TOTAL TIME: Prep: 20 min. Bake: 20 min. YIELD: 6 servings.
These yummy meatless bundles are so fast and easy to prepare. The recipe, which came from my sister-in-law, is a favorite for both our families. —Carolyn Sykora, Bloomer, Wisconsin

Ingredients

  • 2 cups vegetarian refried beans
  • 1 cup 1% cottage cheese
  • 1-1/2 cups shredded reduced-fat cheddar cheese, divided
  • 1 tablespoon olive oil
  • 4-1/2 teaspoons all-purpose flour
  • 1 tablespoon chili powder
  • 1/2 teaspoon garlic powder
  • 1/4 teaspoon salt
  • 1-1/2 cups water
  • 1 teaspoon cider vinegar
  • 1/2 teaspoon dried minced onion
  • 12 flour tortillas (6 inches)

Directions

  • 1. In a large bowl, combine the beans, cottage cheese and 1 cup cheddar cheese; set aside. For sauce, in a large nonstick skillet, whisk the oil, flour, chili powder, garlic powder and salt until smooth. Gradually stir in the water, vinegar and onion.
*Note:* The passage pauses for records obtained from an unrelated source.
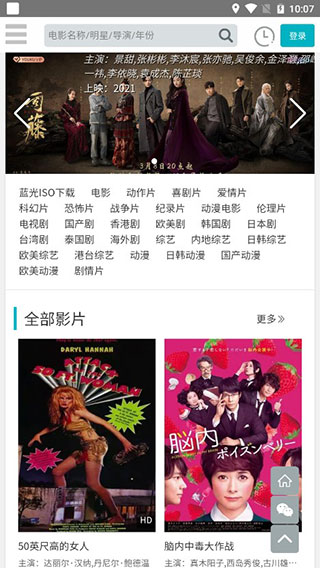 115影视截图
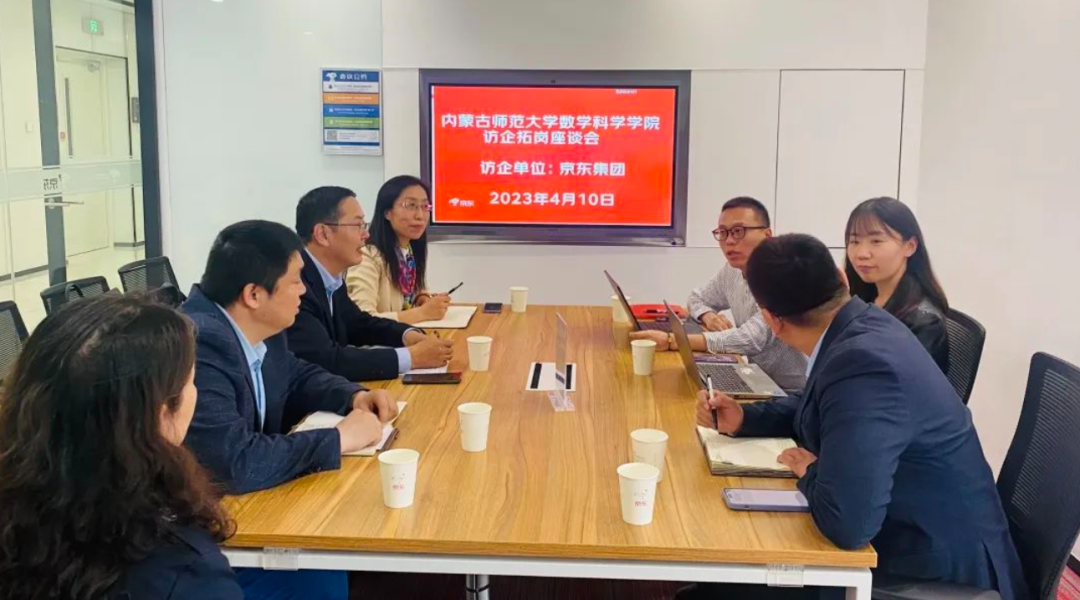 深化產(chǎn)教融合，達(dá)內(nèi)迎來內(nèi)蒙古師范大學(xué)數(shù)學(xué)科學(xué)學(xué)院訪企拓崗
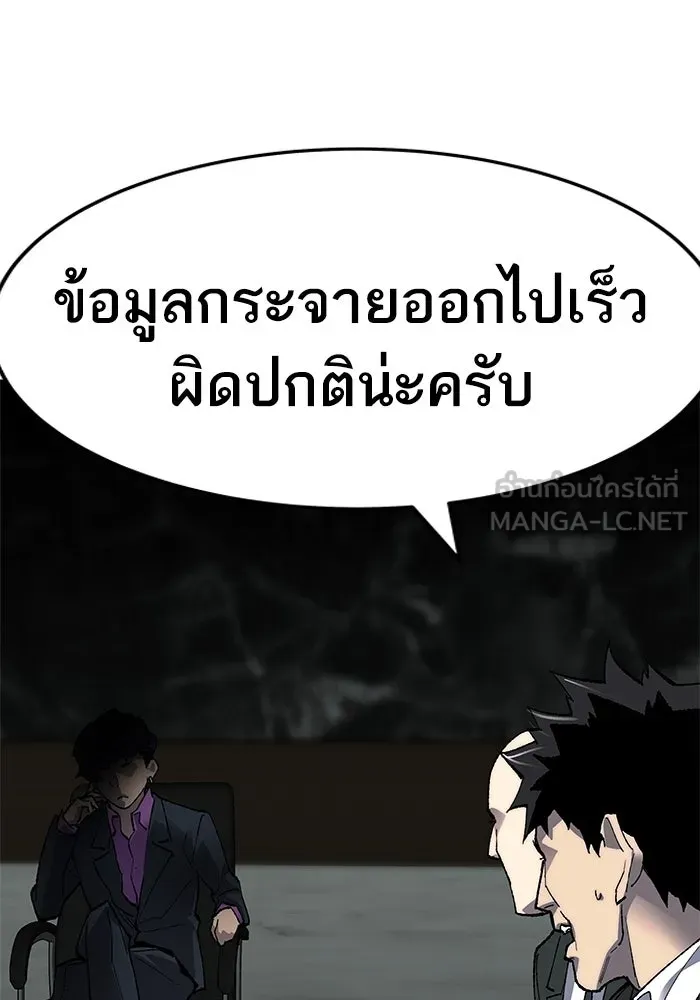 ยอดคนเลเวลทะลุ ตอนที่ 10 เหตุการณ์ไม่คาดคิด (2) รูปที่ 192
Bring to a boil; cook and stir for 2 minutes or until thickened. Remove from the heat.
  • 2. Dip both sides of each tortilla into sauce. Place about 1/2 cup bean mixture down the center of each tortilla. Roll up and place seam side down in a 13x9-in. baking dish coated with cooking spray. Pour remaining sauce over top; sprinkle with remaining cheese. Cover and bake at 350° for 20-25 minutes or until heated through.

Nutrition Facts

2 enchiladas: 384 calories, 11g fat (5g saturated fat), 22mg cholesterol, 729mg sodium, 48g carbohydrate (2g sugars, 7g fiber), 24g protein. Diabetic Exchanges: 3 starch, 2 lean meat, 1 fat.